**TASK PROMPT:**
Wherever pictures appear in the listing below, leave them out, and copy exactly, and only, everything from the line with "Kitchen with laundry room in back" down to the line with "Dentist holding a clear occlusal splint tray".

**PROVIDED ENTRIES:**
=== Section Start ===
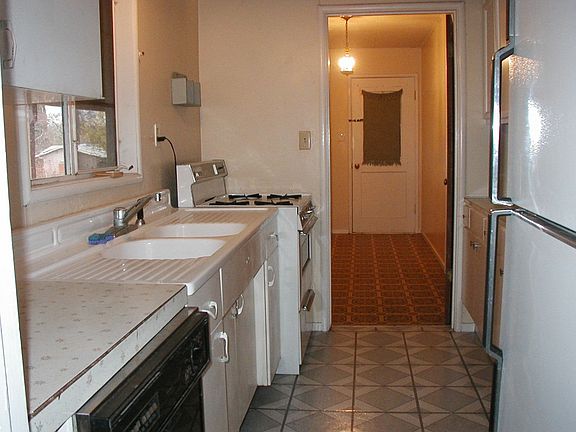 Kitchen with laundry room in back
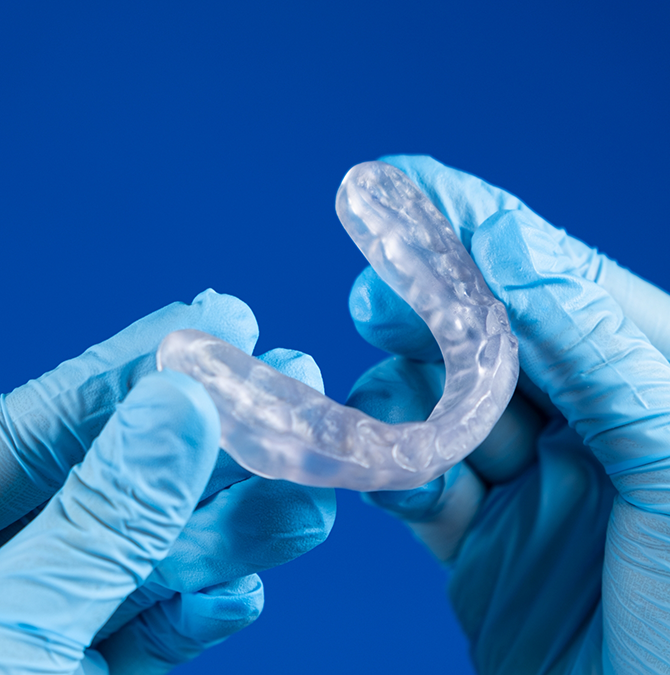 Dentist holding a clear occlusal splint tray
=== Section End ===
=== Section Start ===
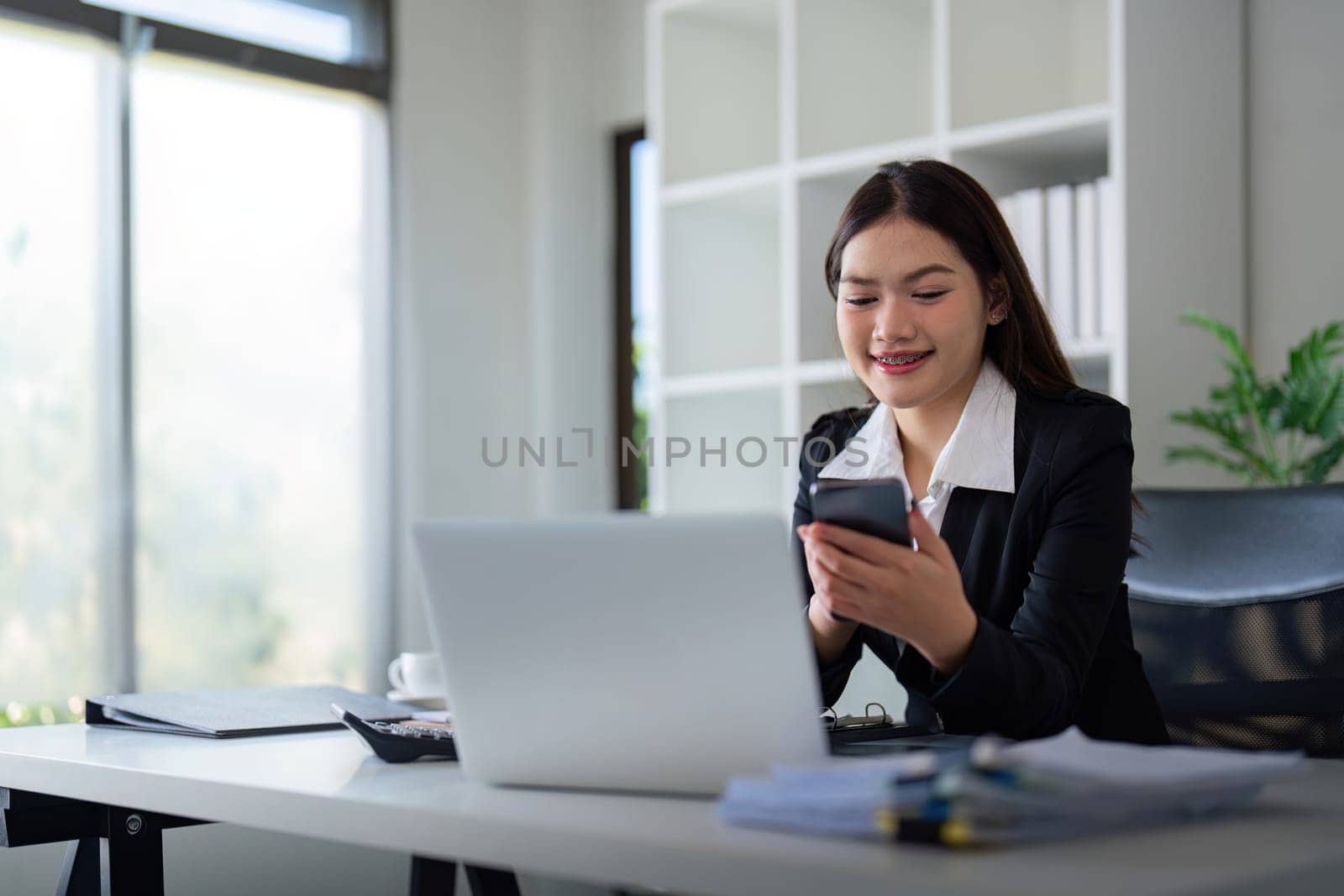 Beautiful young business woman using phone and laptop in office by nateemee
=== Section End ===
**TASK RESPONSE:**
 Kitchen with laundry room in back
 Dentist holding a clear occlusal splint tray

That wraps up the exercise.